* EXERCISE DATA:
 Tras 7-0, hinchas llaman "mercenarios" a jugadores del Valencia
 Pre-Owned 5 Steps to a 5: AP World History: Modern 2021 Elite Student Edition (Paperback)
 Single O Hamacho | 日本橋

--

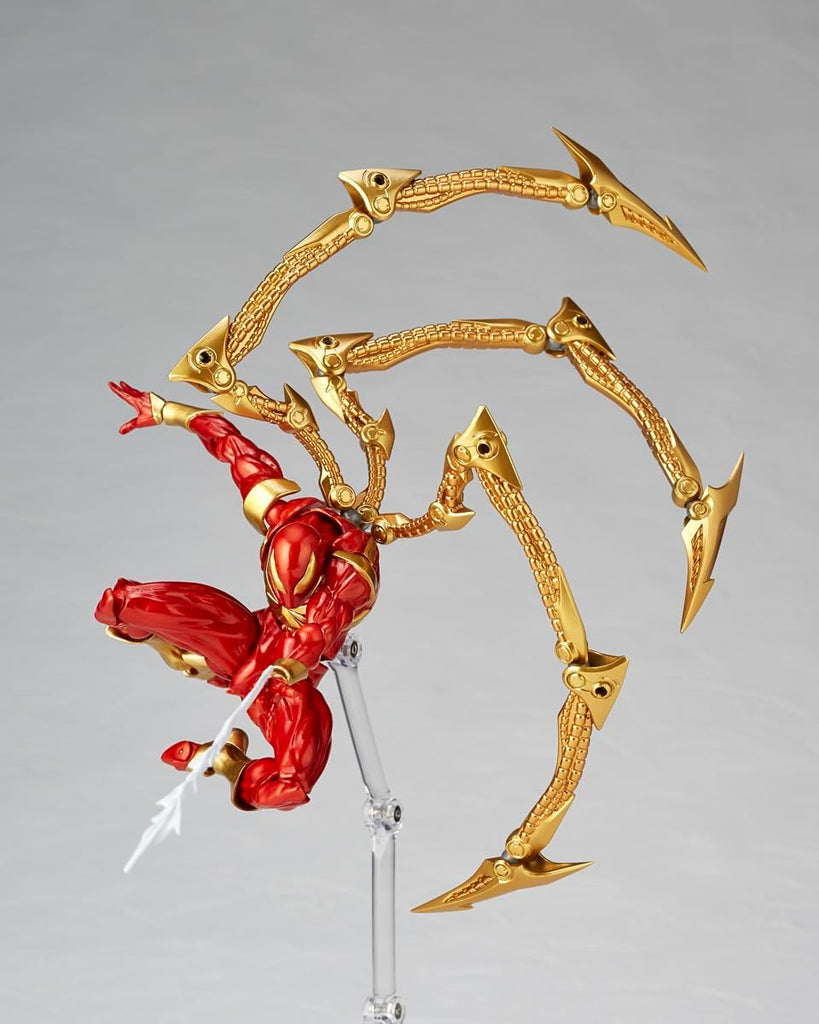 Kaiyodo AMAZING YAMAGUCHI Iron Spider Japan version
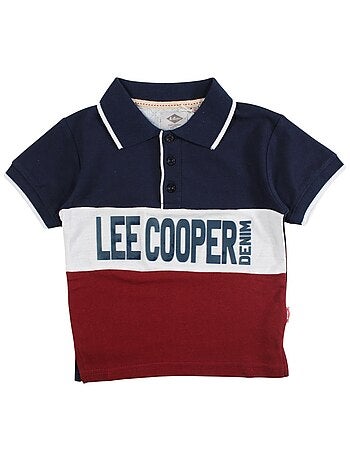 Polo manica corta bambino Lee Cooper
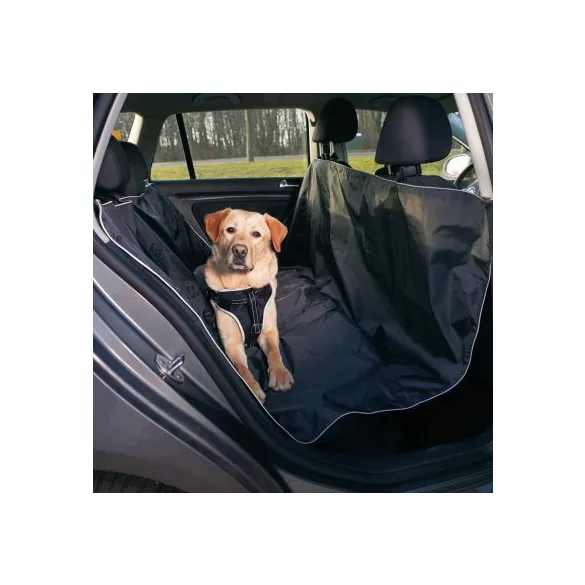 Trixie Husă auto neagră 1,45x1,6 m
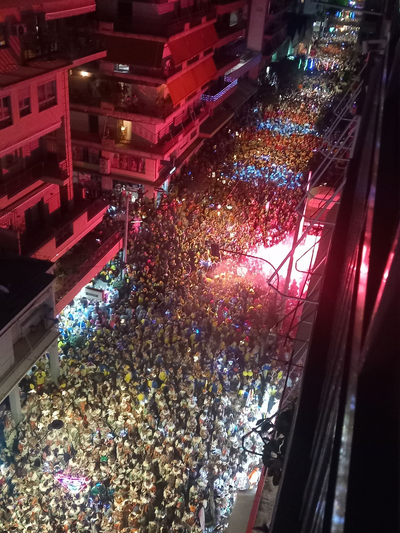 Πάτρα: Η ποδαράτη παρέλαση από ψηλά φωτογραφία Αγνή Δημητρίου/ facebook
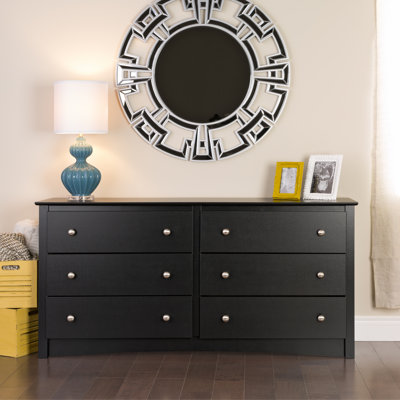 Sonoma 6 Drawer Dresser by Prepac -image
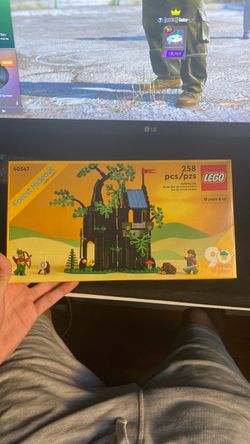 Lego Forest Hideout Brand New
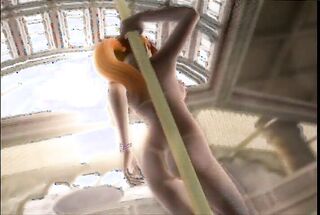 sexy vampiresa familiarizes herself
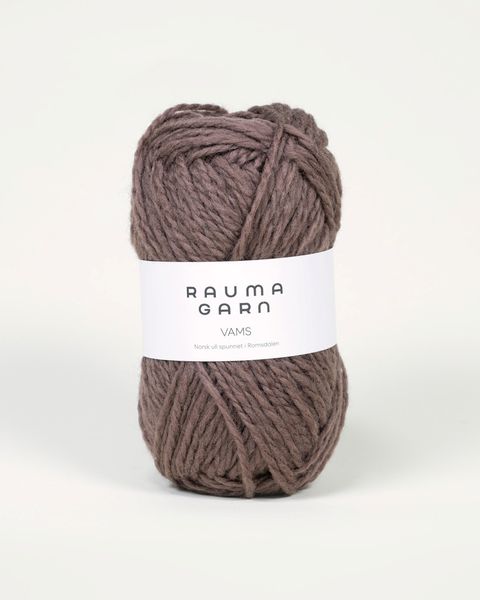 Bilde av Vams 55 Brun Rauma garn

* EXERCISE DIRECTIONS: What is wanted is an exact copy of the lines above from the one containing "Polo manica corta bambino Lee Cooper" through the one containing "Bilde av Vams 55 Brun Rauma garn", with no pictures in it.

* SOLUTION TO THE PROBLEM:
 Polo manica corta bambino Lee Cooper
 Trixie Husă auto neagră 1,45x1,6 m
 Πάτρα: Η ποδαράτη παρέλαση από ψηλά φωτογραφία Αγνή Δημητρίου/ facebook
 Sonoma 6 Drawer Dresser by Prepac -image
 Lego Forest Hideout Brand New
 sexy vampiresa familiarizes herself
 Bilde av Vams 55 Brun Rauma garn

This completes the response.